The Interpolation Problem¶

Given $n+1$ distinct nodes $x_0 < x_1 < \cdots < x_n$ and values $f_0, \ldots, f_n$ , find a polynomial $p_n \in \mathbb{P}_n$ such that

p_n(x_j) = f_j, \qquad j = 0, 1, \ldots, n.

(1)

Theorem 1 (Existence and Uniqueness)

For any $n+1$ distinct nodes there exists a unique $p_n \in \mathbb{P}_n$ interpolating the data.

Proof 1

Three Bases for $\mathbb{P}_n$ ¶

Polynomials of degree $\le n$ form an $(n+1)$ -dimensional vector space. Picking a basis $\{\phi_0, \ldots, \phi_n\}$ writes every polynomial as $p_n(x) = \sum_j c_j\, \phi_j(x)$ . The interpolation conditions $p_n(x_i) = f_i$ then become a linear system $\Phi\, \mathbf{c} = \mathbf{f}$ where $\Phi_{ij} = \phi_j(x_i)$ . The cost of interpolation, its conditioning, and how easily we can extend it later all depend on which basis we pick. We discuss three.

Monomial basis¶

The basis you already know, $\{1, x, x^2, \ldots, x^n\}$ . The motivation is familiarity: every polynomial is written in this basis when you first meet it. The coefficients $c_j$ are then the usual coefficients of $x^j$ , and the values↔coefficients system $\Phi\, \mathbf{c} = \mathbf{f}$ takes the explicit form

\underbrace{\begin{pmatrix} 1 & x_0 & x_0^2 & \cdots & x_0^n \\ 1 & x_1 & x_1^2 & \cdots & x_1^n \\ \vdots & & & & \vdots \\ 1 & x_n & x_n^2 & \cdots & x_n^n \end{pmatrix}}_{V} \begin{pmatrix} c_0 \\ c_1 \\ \vdots \\ c_n \end{pmatrix} = \begin{pmatrix} f_0 \\ f_1 \\ \vdots \\ f_n \end{pmatrix}.

(2)

$V$ is the Vandermonde matrix. Each row records the powers of one node; each column records one monomial sampled at all nodes.
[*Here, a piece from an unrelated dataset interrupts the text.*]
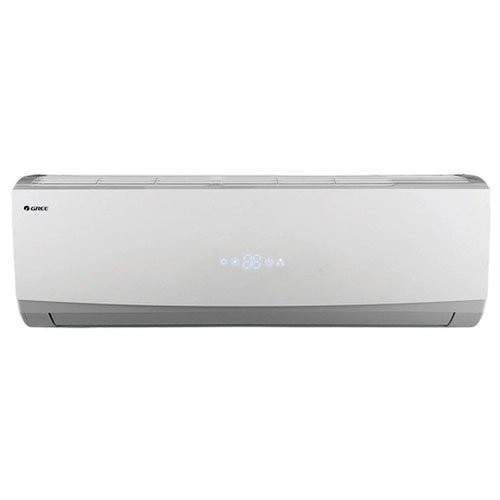 Сплит-система GREE GWH07QA-K3DNC2C Сплит-система GREE GWH07QA-K3DNC2C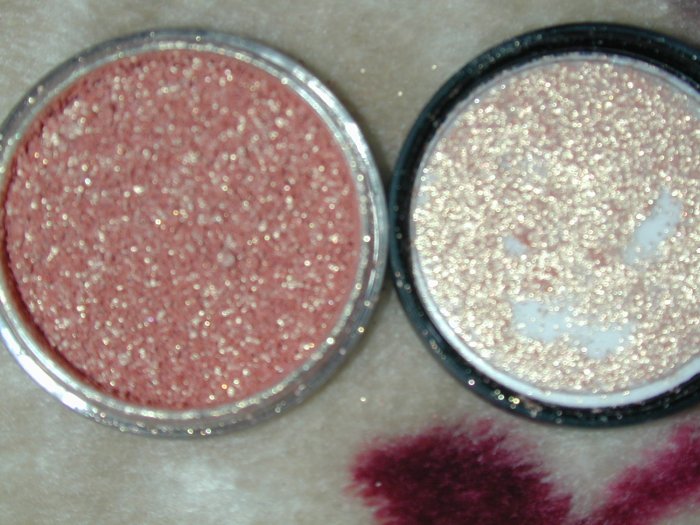 mac solar bits SCATTER RAYS free shipping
The system is solvable whenever the nodes are distinct, but solving it is numerically a disaster: the condition number $\kappa(V)$ grows exponentially in $n$ .

import numpy as np
import matplotlib.pyplot as plt

ns = np.arange(4, 41, 2)
kappa_eq = []
kappa_ch = []
for n in ns:
    x_eq = np.linspace(-1, 1, n+1)
    x_ch = np.cos(np.pi * np.arange(n+1) / n)
    kappa_eq.append(np.linalg.cond(np.vander(x_eq, increasing=True)))
    kappa_ch.append(np.linalg.cond(np.vander(x_ch, increasing=True)))

fig, ax = plt.subplots(figsize=(7, 4.2))
ax.semilogy(ns, kappa_eq, 'o-', label='equispaced nodes')
ax.semilogy(ns, kappa_ch, 's-', label='Chebyshev nodes')
ax.axhline(1/np.finfo(float).eps, color='k', ls=':', alpha=0.6,
           label=r'$1/\varepsilon_{\mathrm{mach}}$')
ax.set_xlabel('$n$')
ax.set_ylabel(r'$\kappa(V)$')
ax.set_title('Vandermonde condition number')
ax.legend()
plt.tight_layout()
plt.show()

For equispaced nodes $\kappa(V)$ blows past $1/\varepsilon_{\text{mach}}$ already by $n \approx 25$ . Solving $V\mathbf{c} = \mathbf{f}$ via a general linear solver in double precision then loses essentially all significant digits. Chebyshev nodes (anticipated in Where to Place the Nodes) help, but even then $\kappa(V)$ grows.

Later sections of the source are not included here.